Twenty-seven companies — representing nearly 20 percent of all Professional Company Members — received awards totaling $1.411 million in the program’s first granting cycle. The recipients are:
- American Lyric Theater (New York, NY)
- American Opera Projects (New York, NY)
- Anchorage Opera
- Arizona Opera (Phoenix, AZ)
- The Atlanta Opera
- Austin Opera
- Beth Morrison Projects (New York, NY)
- Central City Opera (Central City, CO)
- The Dallas Opera
- Fargo-Moorhead Opera (Fargo, ND)
- Florentine Opera Company (Milwaukee, WI)
- The Glimmerglass Festival (Cooperstown, NY)
- HERE (New York, NY)
- Houston Grand Opera
- Michigan Opera Theatre (Detroit, MI)
- Minnesota Opera (Minneapolis, MN)
- Opera Maine (Portland, ME)
- Opera Memphis
- Opera Omaha
- Opera Philadelphia
- Opera Saratoga
- Pacific Opera Victoria (Victoria, BC)
- San Diego Opera
- San Francisco Opera
- The Santa Fe Opera
- Seattle Opera
- Tulsa Opera
Grants will fund a wide range of initiatives, including programs to support opera creators and incubate new works; productions of new or novel repertoire and related audience-engagement activities; the presentation of works in unusual venues or in innovative season formats; partnerships among performing arts organizations, and with social service providers; and added institutional capacity to address areas such as the overall audience experience and program evaluation. (See below for details about all the funded initiatives.)
The Innovation Grants program also includes an infrastructure to capture and assess outcomes of funded projects. OPERA America will provide administrative and technical support to document successes, challenges and even failures.
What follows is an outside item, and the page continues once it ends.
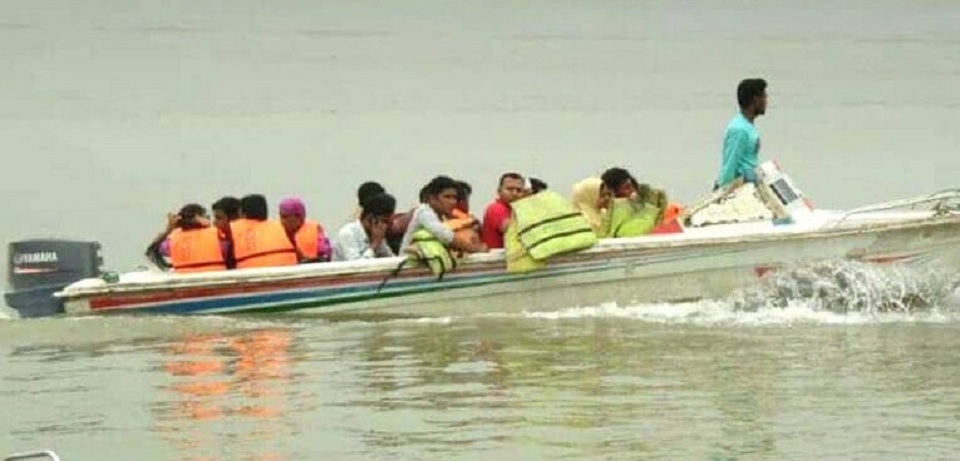 যমুনায় দু’টি স্পিডবোটের মুখোমুখি সংঘর্ষে নিহত ১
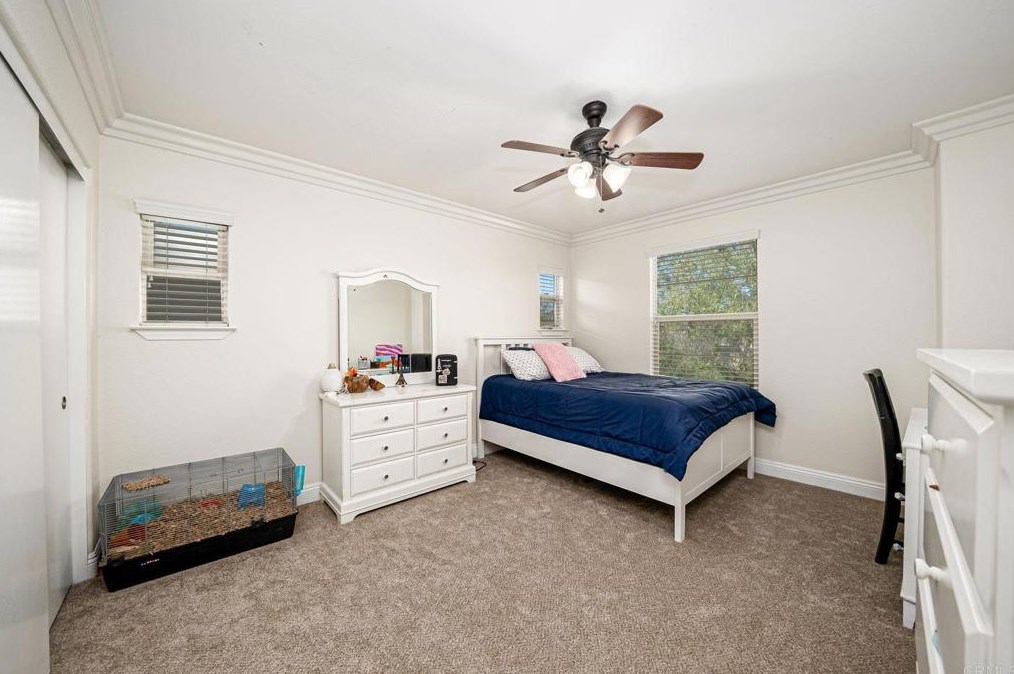 1566 Hopscotch Dr, Chula Vista CA  91915-1802 exterior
Outcomes will be shared with the entire field at future OPERA America meetings and conferences, as well as through publications.
“Thanks to the tremendous generosity of the Ann and Gordon Getty Foundation, our member companies receive support to pursue new thinking and experimentation — to expand the boundaries of their current practices and adapt to an ever-changing field,” stated Marc A. Scorca, president and CEO of OPERA America. “These grants benefit not only the recipients but the entire art form: Through the lessons gleaned from the funded initiatives, companies throughout North American will be able to borrow and adapt good ideas, spreading the learning field-wide.”
Submitted by 55 companies in the U.S. and Canada, grant applications were adjudicated by an independent panel consisting of Barbara Schaffer Bacon, co-director, Animating Democracy; Michelle Hensley, artistic director, Ten Thousand Things; Anne Manson, conductor; Ann Owens, field consultant, and former executive director, Houston Grand Opera; Kate E. Prescott, president, Prescott & Associates; Kyle Sircus, director of marketing, Playwright Horizons; and James Wright, field consultant, and former general director, Vancouver Opera.